OKNUM polisi yag melanggar hukum dikejar terus. Belum lama
ini sejumlah tamtama dan bintara dipecat di Bandung dan
Semarang. Minggu ini di Jakarta seorang perwira menengah,
Mayor Darwin Armyn Nasution, 47, diajukan ke mahkamah
militer. Perwira pemeriksa ahli di bidang- dokumen kehakiman
di laboratorium Kriminologi (Labkrim) Mabak ini didakwa
memberi kesaksian palsu yang merugikan empat pelapor dalam
perkara pemalsuan tanda tangan yang sudah diputuskan pengadilan
negeri di Jakarta, Serang, dan Cianjur sejak 1977 sampai 1979.
Kecuali satu yang sudah diberi kasasi, semua perkara itu kini
masih menunggu keputusan Mahkamah Agung.

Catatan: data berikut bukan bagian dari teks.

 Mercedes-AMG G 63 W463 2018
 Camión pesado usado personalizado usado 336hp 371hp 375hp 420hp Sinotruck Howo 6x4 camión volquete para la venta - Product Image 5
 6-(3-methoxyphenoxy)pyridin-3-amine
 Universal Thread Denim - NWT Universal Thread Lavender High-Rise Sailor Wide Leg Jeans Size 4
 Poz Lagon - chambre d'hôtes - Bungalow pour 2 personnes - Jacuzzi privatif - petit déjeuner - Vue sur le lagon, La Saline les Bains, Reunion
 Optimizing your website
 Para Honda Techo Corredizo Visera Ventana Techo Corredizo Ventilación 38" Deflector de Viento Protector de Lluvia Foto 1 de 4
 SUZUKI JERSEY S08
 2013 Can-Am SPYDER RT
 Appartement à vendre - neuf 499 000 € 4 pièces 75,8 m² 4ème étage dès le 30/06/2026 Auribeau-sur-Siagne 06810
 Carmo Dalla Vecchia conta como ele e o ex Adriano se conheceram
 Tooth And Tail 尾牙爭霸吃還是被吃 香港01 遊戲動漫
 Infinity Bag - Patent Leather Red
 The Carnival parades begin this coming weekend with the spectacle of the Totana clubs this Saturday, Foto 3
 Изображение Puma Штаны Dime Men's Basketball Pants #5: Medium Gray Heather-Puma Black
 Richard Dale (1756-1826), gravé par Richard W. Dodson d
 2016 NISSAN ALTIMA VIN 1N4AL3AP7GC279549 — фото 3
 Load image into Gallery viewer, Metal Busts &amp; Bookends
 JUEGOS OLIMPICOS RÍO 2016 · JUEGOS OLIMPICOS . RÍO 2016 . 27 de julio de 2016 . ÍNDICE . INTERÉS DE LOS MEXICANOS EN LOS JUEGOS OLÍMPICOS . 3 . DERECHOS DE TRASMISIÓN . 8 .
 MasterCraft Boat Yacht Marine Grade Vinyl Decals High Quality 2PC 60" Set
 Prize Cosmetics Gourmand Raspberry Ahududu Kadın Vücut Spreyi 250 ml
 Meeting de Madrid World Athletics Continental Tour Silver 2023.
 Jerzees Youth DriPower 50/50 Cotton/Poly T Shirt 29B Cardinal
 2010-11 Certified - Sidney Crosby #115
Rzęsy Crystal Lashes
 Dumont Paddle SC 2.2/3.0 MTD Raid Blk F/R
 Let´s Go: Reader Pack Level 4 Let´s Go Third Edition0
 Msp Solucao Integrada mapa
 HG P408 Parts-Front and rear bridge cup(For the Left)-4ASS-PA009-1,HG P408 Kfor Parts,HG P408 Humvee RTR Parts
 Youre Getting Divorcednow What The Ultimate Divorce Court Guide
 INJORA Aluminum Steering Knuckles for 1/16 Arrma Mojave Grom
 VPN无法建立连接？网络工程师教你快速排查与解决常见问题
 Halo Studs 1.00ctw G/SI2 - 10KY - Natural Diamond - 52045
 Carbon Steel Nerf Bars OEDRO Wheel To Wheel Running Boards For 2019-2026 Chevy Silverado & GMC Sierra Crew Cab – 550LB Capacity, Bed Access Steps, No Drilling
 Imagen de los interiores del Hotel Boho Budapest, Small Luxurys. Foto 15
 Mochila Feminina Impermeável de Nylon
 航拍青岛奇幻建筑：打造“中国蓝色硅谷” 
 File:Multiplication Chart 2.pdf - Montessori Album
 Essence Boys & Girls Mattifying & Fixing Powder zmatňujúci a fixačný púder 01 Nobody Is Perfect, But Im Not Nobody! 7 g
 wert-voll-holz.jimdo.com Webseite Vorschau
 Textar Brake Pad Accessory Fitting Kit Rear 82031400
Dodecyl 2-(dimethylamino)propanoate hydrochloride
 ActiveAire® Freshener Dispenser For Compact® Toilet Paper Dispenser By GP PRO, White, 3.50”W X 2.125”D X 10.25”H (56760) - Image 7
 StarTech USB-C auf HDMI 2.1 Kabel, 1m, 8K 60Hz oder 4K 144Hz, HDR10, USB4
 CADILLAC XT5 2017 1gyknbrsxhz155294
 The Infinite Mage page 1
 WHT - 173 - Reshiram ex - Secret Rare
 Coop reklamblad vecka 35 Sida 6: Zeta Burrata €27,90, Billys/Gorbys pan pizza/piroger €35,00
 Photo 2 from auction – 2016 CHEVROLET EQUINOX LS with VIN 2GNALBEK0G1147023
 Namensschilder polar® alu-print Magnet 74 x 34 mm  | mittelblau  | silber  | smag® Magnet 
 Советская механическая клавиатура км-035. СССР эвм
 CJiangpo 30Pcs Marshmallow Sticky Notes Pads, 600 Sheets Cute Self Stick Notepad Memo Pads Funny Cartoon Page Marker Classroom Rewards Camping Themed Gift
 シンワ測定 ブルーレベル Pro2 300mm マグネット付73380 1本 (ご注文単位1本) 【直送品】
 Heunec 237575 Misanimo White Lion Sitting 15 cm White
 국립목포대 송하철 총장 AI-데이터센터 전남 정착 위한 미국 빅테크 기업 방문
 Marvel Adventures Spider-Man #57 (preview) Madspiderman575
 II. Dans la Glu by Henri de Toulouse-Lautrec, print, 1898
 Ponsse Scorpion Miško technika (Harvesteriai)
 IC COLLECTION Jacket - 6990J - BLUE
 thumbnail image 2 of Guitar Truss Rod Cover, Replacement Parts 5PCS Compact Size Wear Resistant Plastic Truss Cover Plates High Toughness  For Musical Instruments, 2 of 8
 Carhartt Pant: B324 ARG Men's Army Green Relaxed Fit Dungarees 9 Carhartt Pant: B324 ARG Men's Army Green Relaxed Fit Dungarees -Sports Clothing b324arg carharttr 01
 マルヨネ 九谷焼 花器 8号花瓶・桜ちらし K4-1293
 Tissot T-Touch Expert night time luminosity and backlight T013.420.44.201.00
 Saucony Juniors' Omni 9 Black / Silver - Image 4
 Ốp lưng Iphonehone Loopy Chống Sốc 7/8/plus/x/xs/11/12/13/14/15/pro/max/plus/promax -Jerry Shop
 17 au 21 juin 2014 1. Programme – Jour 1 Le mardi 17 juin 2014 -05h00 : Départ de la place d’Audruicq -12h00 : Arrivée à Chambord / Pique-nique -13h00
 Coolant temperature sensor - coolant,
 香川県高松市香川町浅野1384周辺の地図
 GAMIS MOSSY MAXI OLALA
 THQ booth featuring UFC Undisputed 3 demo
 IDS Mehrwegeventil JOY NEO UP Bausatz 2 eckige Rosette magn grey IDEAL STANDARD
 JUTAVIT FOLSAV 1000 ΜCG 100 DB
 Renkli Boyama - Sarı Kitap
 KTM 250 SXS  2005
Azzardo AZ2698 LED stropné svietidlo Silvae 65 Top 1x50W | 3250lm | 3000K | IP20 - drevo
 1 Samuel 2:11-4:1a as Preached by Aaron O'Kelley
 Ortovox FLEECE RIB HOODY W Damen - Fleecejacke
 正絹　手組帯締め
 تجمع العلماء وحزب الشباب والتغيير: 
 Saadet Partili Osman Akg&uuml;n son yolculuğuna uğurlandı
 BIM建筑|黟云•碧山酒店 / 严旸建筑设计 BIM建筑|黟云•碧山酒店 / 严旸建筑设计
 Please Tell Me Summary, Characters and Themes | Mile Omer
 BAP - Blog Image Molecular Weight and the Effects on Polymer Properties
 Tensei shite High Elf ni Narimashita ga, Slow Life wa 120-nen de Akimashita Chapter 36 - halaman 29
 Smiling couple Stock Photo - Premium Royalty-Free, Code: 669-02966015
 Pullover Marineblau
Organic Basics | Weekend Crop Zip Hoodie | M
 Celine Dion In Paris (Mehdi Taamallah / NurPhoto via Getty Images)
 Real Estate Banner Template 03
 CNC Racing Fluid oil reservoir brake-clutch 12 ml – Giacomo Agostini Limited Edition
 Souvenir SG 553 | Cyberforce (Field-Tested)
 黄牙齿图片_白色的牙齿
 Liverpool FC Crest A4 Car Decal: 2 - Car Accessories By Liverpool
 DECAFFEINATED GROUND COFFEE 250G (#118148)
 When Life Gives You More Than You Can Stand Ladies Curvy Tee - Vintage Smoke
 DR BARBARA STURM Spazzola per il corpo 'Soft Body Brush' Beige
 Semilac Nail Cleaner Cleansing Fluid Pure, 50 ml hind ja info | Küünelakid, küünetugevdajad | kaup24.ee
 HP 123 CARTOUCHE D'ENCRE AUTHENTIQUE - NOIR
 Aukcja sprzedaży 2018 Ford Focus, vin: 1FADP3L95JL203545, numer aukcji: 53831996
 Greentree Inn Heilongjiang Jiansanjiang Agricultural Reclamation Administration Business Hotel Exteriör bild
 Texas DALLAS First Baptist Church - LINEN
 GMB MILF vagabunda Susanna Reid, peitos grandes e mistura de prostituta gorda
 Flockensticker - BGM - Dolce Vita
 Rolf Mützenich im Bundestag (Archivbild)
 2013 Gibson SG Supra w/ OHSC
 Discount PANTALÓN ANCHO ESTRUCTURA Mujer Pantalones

Kasasi berikutnya bisa
jadi akan mempertimbangkan pula hasil sidang Mahmilti II Bagian
Barat yang dimulai Selasa pekan lalu. Tak heran kalau beberapa
saksi pelapor tampak cukup berharap pada putusan sidang.
Masih berseragam Polri. Darwin - yang sejak empat tahun lalu
dia sudah dinonaktifkan - dengan pembela Letkol Pol. S.
Dalimunthe mendengarkan tuduhan oditur Kolonel Soetopo. Dia
antara lain dituduh memberikan keterangan palsu sehingga empat
pengadilan negeri memutuskan vonis yang merugikan para pelapor.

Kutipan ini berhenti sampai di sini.